Mehr noch: Ein paar Monate, bevor im hiermit kritisch-satyrisch beäugelten Artikel sozusagen mit vollkommen ernster Miene festgestellt wurde, dass Liquidität flüssig und teuer sei, hatte einer seiner Autoren bereits die sich immer wieder wichtigtuerisch darbietende Entdeckung gemacht, dass Geld teuer sei: „Geld ist damit am Interbankenmarkt weiterhin überdurchschnittlich teuer.“ (Lukas Sustala in: Der Standard, 10.10.08) Und im Dezember hieß es dann verhängnisvollerweise: „Außergewöhnliche Zeiten verlangen nach (sic) außergewöhnlichen Maßnahmen.“ (Lukas Sustala in: Der Standard, 18.12.08). Frisch gebacken. Direkt aus dem Englischen entnommen. Dabei zwar allerdings kein gutes Deutsch. Doch wer weiß schon heutzutage noch, was gutes Deutsch ist?
Wenn sie die gegenwärtige weltweite Insolvenz des Kapitalismus in Angriff nehmen (oder sich davor in weit ausholenden, wiewohl offensichtlich kaum weiter führenden Analysen flüchten), sind freilich nicht wenige Exponenten der journalistischen Spezies unverkennlich am Ende ihres Lateins. Quo vadis? Was tun? Was schreiben? Was niederschreiben? Was aufschreiben? Was abschreiben? Was umschreiben?
Die standardisierte Unbeholfenheit des gedruckten Wortes lässt Karl Kraus’ journalistische Rotationsmachine in diesem Zusammenhang nur allzuleicht wieder in den Vordergrund der Betrachtungen treten. Also wie hieß es nochmal? Keine Flüssigkeit, keine Liquidität?
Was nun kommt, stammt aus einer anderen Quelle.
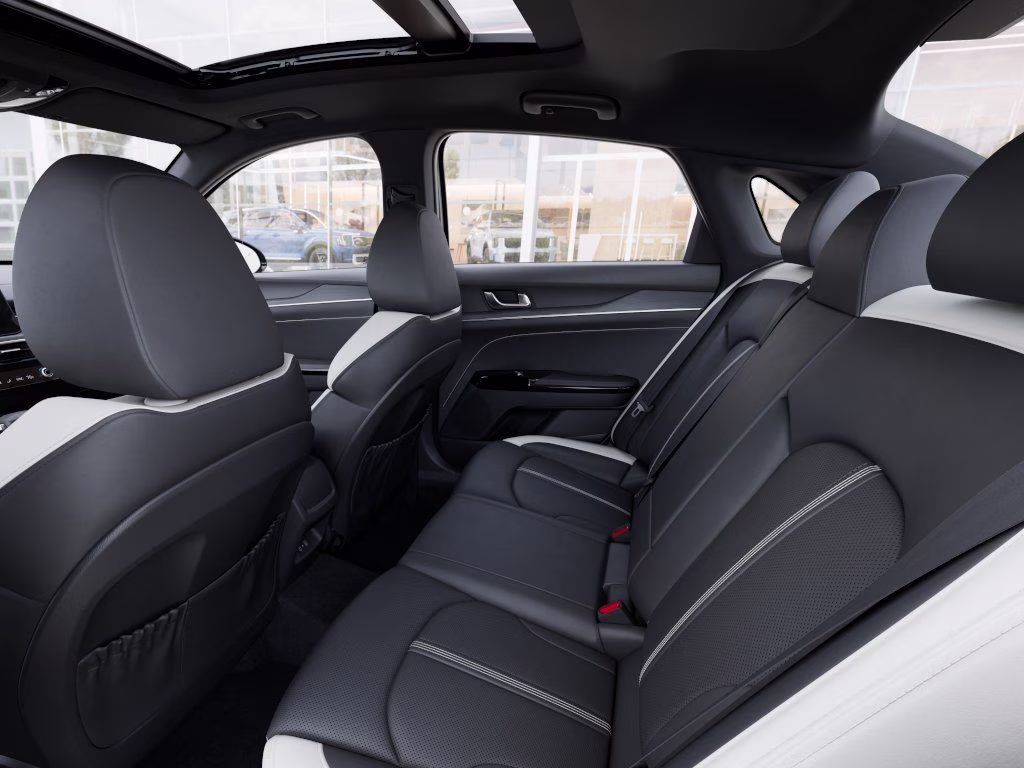 2026 Wolf Gray Kia K5 GT-Line FWD Sedan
Umstilisiert: Ohne Sprachvermögen mangelt es an Sprachkompetenz, und es droht die linguistische Insolvenz. Begriffe, die sich selbst erläutern sollen, werden dem kollektiven Erwartungshorizont freilich ohnehin immer wieder gedankenlos, wenn nicht skrupellos gutgeschrieben. Von Insolvenz heimgesucht findet sich dabei wohlgemerkt vor allem auch die tief greifende Identitätsfrage der Konsumenten und Investoren in Krisenzeiten einer auf dem Glatteis zugefrorener Geldmärkte ausgerutschten Konsumgesellschaft, deren Beantwortung die allgegenwärtigen Durchschnittsjournalisten in ihren allgegenwärtigen Durchschnittsartikeln mehr oder weniger bewusst vermeiden, ja vereiteln. Wer sein mir?, kommt es aus dem kollektiven Unbewusstsein der Zeitungsfresser heraus. Die Standard-Antwort, den Fluss der Sprache in einem Schlag umleitend: Mir sein mir.